When and how should I categorize data?
Categorizing (or 'grouping') data means we convert a quantitative variable into a categorical variable. This can be useful for instance when your quantitative outcome variable has severe problems with skewness, and you want to apply a statistical technique that assumes normality. We are going to take the variable delinquent behaviour as an example. This is a variable that is typically severely skewed to the right in samples; the majority of respondents generally report no (or very little) delinquent behaviour, whereas a few respondents will report a lot of delinquent behaviour. Since in this situation the assumption of normality of the data has been violated, recoding the variable into separate groups can be a solution to solve this problem. Other reasons for categorizing data are to help visualize an interaction between two quantitative predictors in multiple regression analysis, or when there is a clear theoretical ground for creating distinct groups of people based on a meaningful break point (e.g., grouping of 'depressed' versus 'not depressed' based on a cut-off score on a quantitative scale).

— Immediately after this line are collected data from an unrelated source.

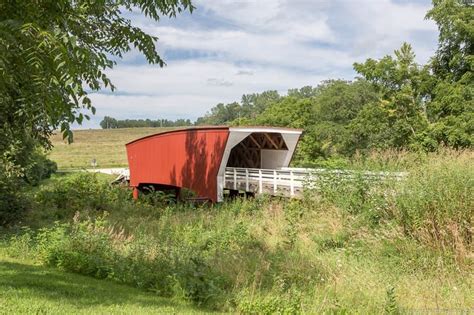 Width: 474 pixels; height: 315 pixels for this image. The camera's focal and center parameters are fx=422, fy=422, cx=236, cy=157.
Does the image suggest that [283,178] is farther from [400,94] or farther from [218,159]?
[400,94]

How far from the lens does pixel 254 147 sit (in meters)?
22.8

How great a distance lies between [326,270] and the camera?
6992 millimetres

Categorizing can be done in different ways. The most commonly used techniques are 1) the use of percentile scores, 2) median split, and 3) the use of pre-specified categories.
1. Percentile scores. One option to create groups is by using percentile scores. You could for instance ask SPSS to calculate quartiles, and thereby creating four different subgroups.
To create a new variable based on quartiles, go to:
- Transform > Rank Cases;
- Place the relevant variable(s) in the Variable (s) field;
- Click on Rank Types;
- Remove the check from 'Rank' and instead check Ntiles:4, and click on Continue;
- Click on 'Paste' and 'run' the syntax.
The new variable will appear on the rightmost column in the Data View, and on the bottom row in the Variable View. The new variable represents the four ranks; if a specific value on the original variable falls within the 25% lowest scores, then this case gets a value '1' here, all scores that fall between the 25% and 50% of the lowest scores receive the value '2', etc. The original variable is thus converted into a categorical (ordinal) variable.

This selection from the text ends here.